══ Source data ══

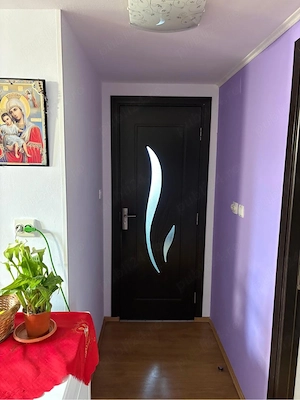 Vand apartament 2 camere - imagine 2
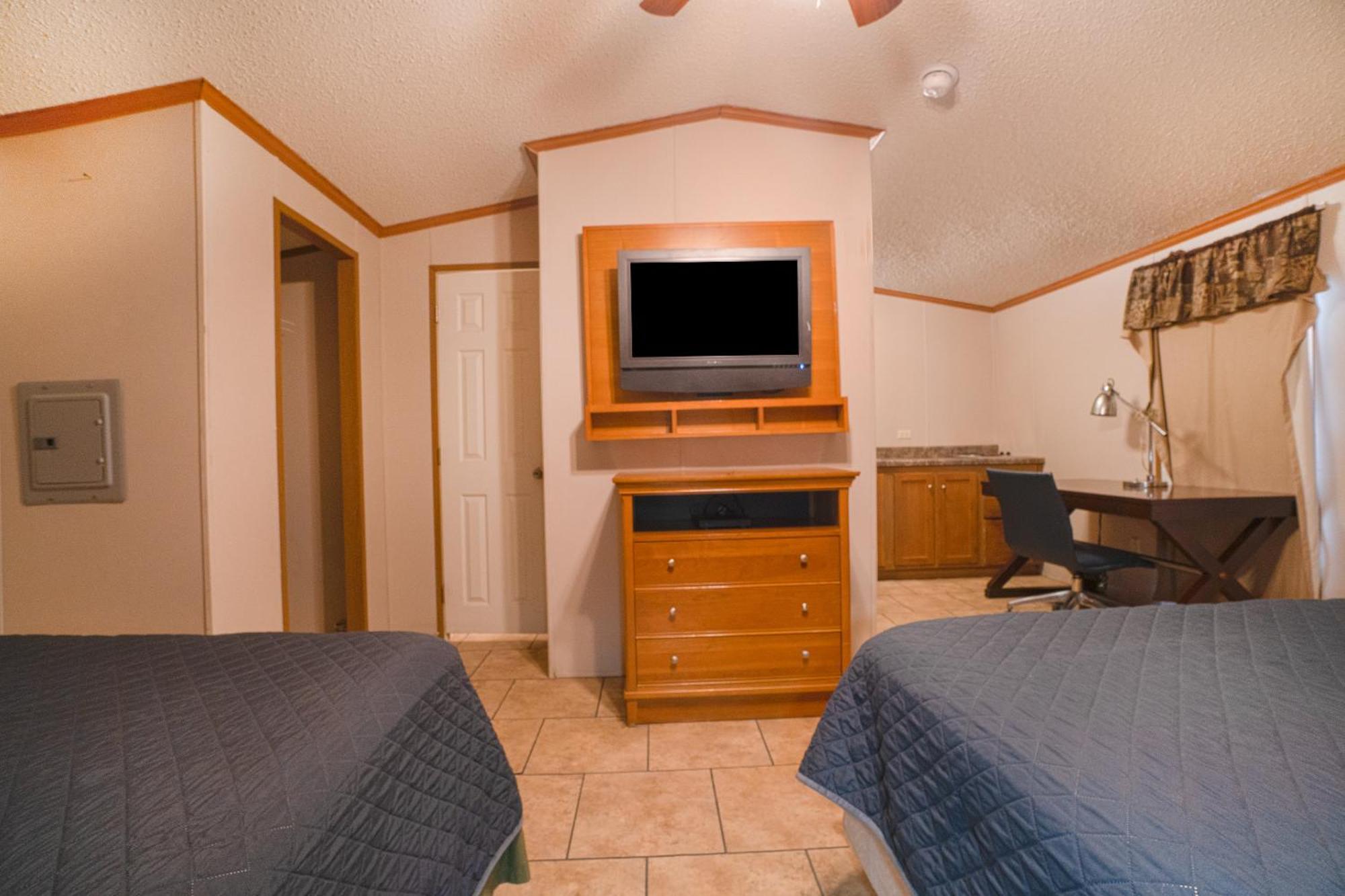 Grand Eagle Ford Lodge & Rv Park Tilden Extérieur photo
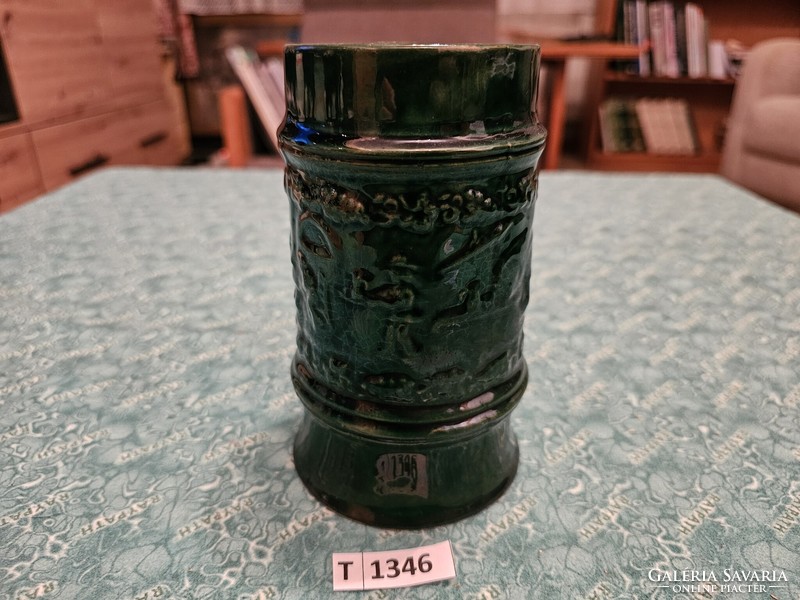 T1346 pub scene ceramic jug 15 cm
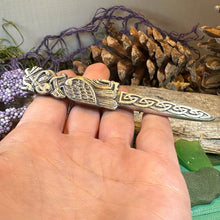 Load image into Gallery viewer, Celtic Birds Kilt Pin, Scottish Jewelry, Irish Kilt Pin, Tartan Pin, Cape Pin, Bagpiper Gift, Scotland Pin, Celtic Shawl Pin, Viking Jewelry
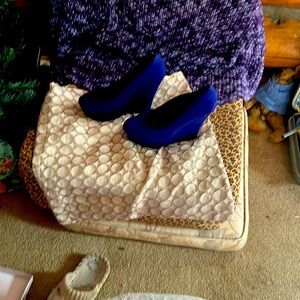 Last chance! 2/$35 Brash suede wedges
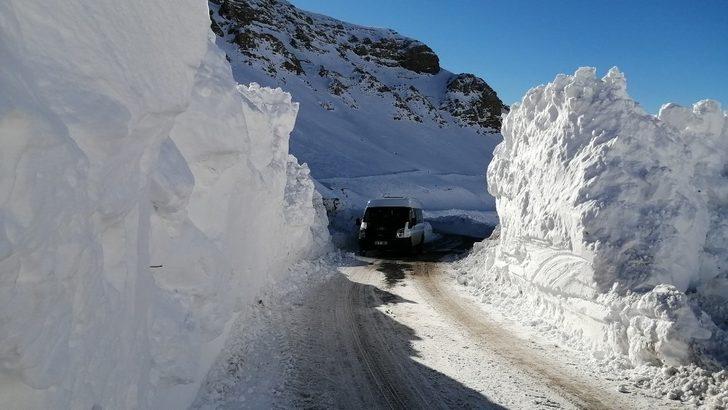 Van-Bahçesaray yolu kontrollü ulaşıma açıldı G5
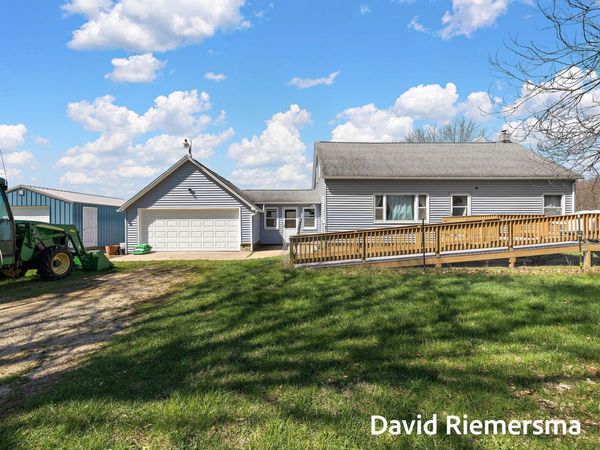 466 27th Street, Allegan, MI 49010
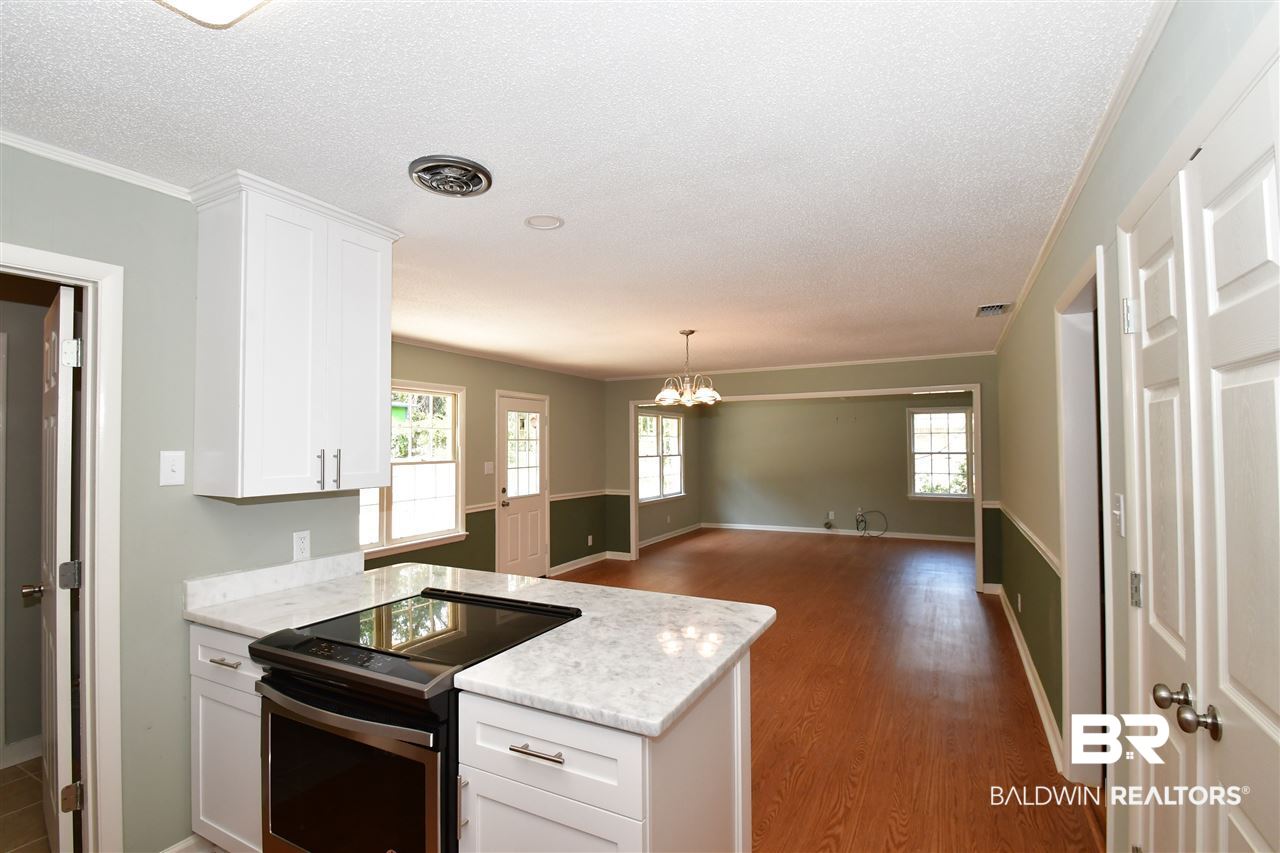 5809 Innsbruck Drive Mobile, AL 36608 - Photo 4 of 29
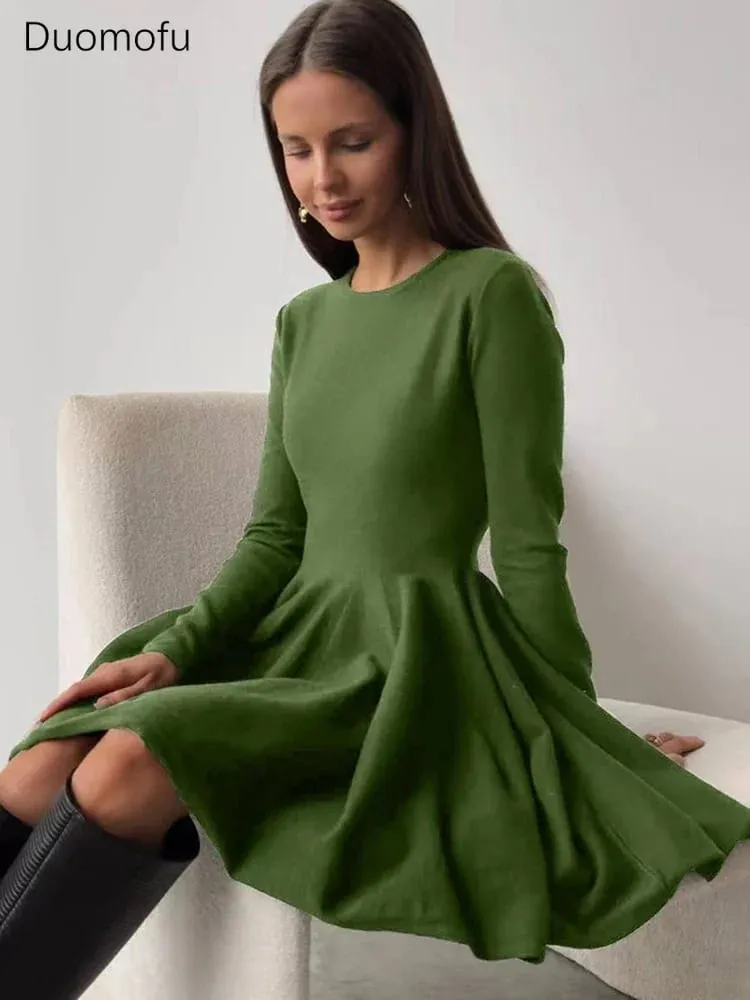 Duomofu dzianinowe Mini sukienki damskie jesienno-zimowa sweter z długim rękawem sukienka damska elegancka moda wąska linia plisowana sukienka Vestido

═══

• **Aim of the exercise**
The pictures should not be reproduced; quote all of the other material exactly.

• **Solution to this task**
 Vand apartament 2 camere - imagine 2
 Grand Eagle Ford Lodge & Rv Park Tilden Extérieur photo
 T1346 pub scene ceramic jug 15 cm
 Load image into Gallery viewer, Celtic Birds Kilt Pin, Scottish Jewelry, Irish Kilt Pin, Tartan Pin, Cape Pin, Bagpiper Gift, Scotland Pin, Celtic Shawl Pin, Viking Jewelry
 Last chance! 2/$35 Brash suede wedges
 Van-Bahçesaray yolu kontrollü ulaşıma açıldı G5
 466 27th Street, Allegan, MI 49010
 5809 Innsbruck Drive Mobile, AL 36608 - Photo 4 of 29
 Duomofu dzianinowe Mini sukienki damskie jesienno-zimowa sweter z długim rękawem sukienka damska elegancka moda wąska linia plisowana sukienka Vestido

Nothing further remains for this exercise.